Philadelphia to Investigate Child Welfare Department for Illegal Child Seizures
It all started when the Department of Human Services in Philadelphia investigated Councilman David Oh for child abuse when his son broke his collar bone in martial arts. Before this incident, Oh said that parents "had been coming to me for months and months prior to when I took my son to the children’s hospital, but at the children’s hospital I experienced exactly what they had been complaining about."
Parents all over the nation have been loudly speaking out to anyone who will listen about child welfare agencies that wrongly and swiftly remove children from good homes based on baseless accusations without evidence. Oh said his caseworker was prejudiced against his parenting style. Of Korean descent, Oh had taught his sons martial arts from a very young age. The DHS investigator could not answer Oh's questions as to why she thought the injury wasn't accidental. "And when I pressed her for a reason, she made a comment: ‘You’re a grown man, you shouldn’t be teaching your son judo. He’s 8.’”

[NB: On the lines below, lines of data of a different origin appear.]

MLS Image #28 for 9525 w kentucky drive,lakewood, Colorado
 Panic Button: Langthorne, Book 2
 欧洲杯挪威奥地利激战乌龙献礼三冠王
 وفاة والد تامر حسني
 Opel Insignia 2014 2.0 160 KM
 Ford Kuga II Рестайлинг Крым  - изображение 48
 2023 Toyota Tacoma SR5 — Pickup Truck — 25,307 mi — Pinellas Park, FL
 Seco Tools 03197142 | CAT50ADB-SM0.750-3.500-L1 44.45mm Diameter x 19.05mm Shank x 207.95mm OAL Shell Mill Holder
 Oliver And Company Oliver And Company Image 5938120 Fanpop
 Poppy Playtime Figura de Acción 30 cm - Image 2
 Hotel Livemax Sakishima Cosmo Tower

The department found no wrongdoing in its investigation and dropped it, but it should never have been opened in the first place. The experience gave Oh a renewed interest in finding out what Philadelphia's child welfare office was up to. Oh has called for hearings on DHS policy and protesters, whose own children had been taken, started hounding City Hall. Their stories are hard to read.
Due to Councilman Oh's determination to do something about the lack of oversight for Philadelphia's DHS, a resolution was passed "authorizing the establishment of a 'Special Committee on Child Separation In Philadelphia' to investigate the child welfare system and develop recommendations to ensure compliance with state child protective services laws to protect children and the due process rights of families and to prevent the unnecessary breakup of families.
The committee will investigate unfair child removals and recommend policies to prevent them. This is a good first step toward creating oversight over agencies that work in secrecy and are not required to show records to anyone, including media, or even sometimes lawmakers, to justify their decisions that destroy families. The resolution doesn't go far enough, however, to solve the problems, as it does not appear to have any power over cases where children were wrongfully removed. Someone needs to be able to reverse the bad decisions that resulted in the separations.
Oversight boards are a necessary ingredient to keeping child welfare from going off the rails. But this is only one city in a nation where most child welfare agencies operate completely independently. Perhaps Congress should make this a federal issue and require all states receiving federal funds for their child welfare programs to have oversight in place over these agencies. And the oversight can't be by people who are paid by DHS. The best oversight committee would be private citizens unconnected to the state in any way, for when the state investigates itself it inevitably fails to find any wrongdoing.
Every business person in America knows what power regulatory agencies have over their welfare and ability to do business. Why don't state agencies that deal in such important matters as removing children from parents have similar guidelines and restrictions imposed on them by the citizenry?